Presiden AS ke-47 ingin mengakhiri konflik dengan cepat tetapi tidak dengan kekalahan total Ukraina, kata Dmitry Suslov kepada RT
Presiden AS Donald Trump akan berusaha menepati janjinya untuk segera mengakhiri konflik di Ukraina, namun tidak dengan mengorbankan penyerahan total Kiev kepada Moskow, kata Dmitry Suslov, anggota Dewan Kebijakan Luar Negeri dan Pertahanan Rusia, kepada RT .

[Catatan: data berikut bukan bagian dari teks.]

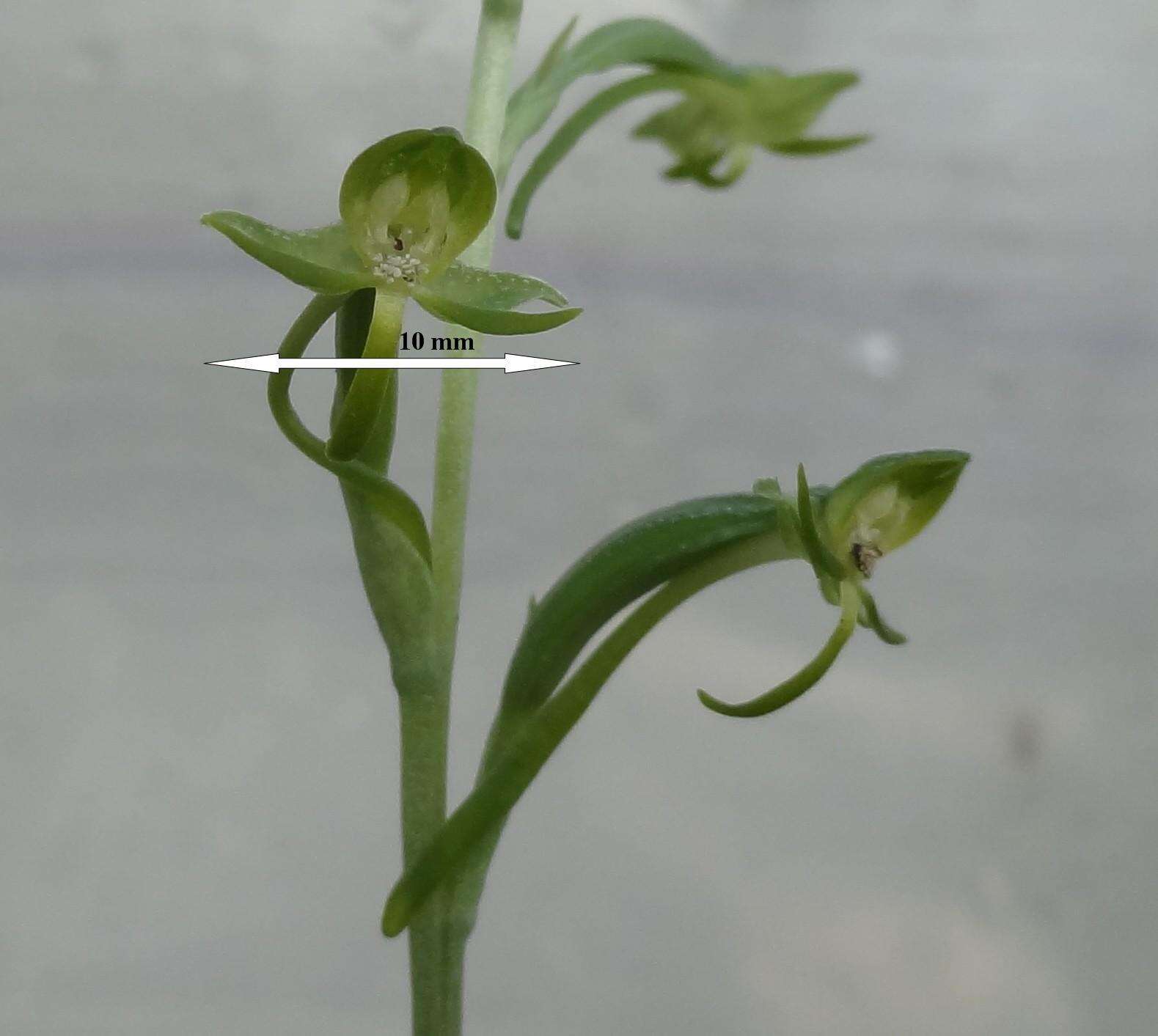 Image de Habenaria arenaria Lindl.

Trump, yang dilantik pada hari Senin, berulang kali berjanji untuk menyelesaikan konflik Ukraina melalui diplomasi, namun tidak memberikan banyak rincian, selain ingin mengatur negosiasi antara Moskow dan Kiev.
Suslov, wakil direktur ekonomi dunia dan politik internasional di Sekolah Tinggi Ekonomi yang berbasis di Moskow, mengatakan hal itu “Dukungan untuk Ukraina sudah tidak lagi menjadi prioritas AS.”
“Kepentingan Trump bukan untuk mendukung Ukraina sebagai proksi anti-Rusia, namun untuk mengakhiri konflik sesegera mungkin, guna memberikan sumber daya untuk berperang melawan Tiongkok,” katanya.
Pada saat yang sama, Suslov mencatat bahwa hal itu masih terjadi “Tidak mungkin AS akan membiarkan Kiev menderita kekalahan telak atau menyetujui penyerahan Kiev” Karena “Semua orang akan segera menggunakannya untuk melawan Trump, dan menggambarkannya sebagai orang yang lemah.”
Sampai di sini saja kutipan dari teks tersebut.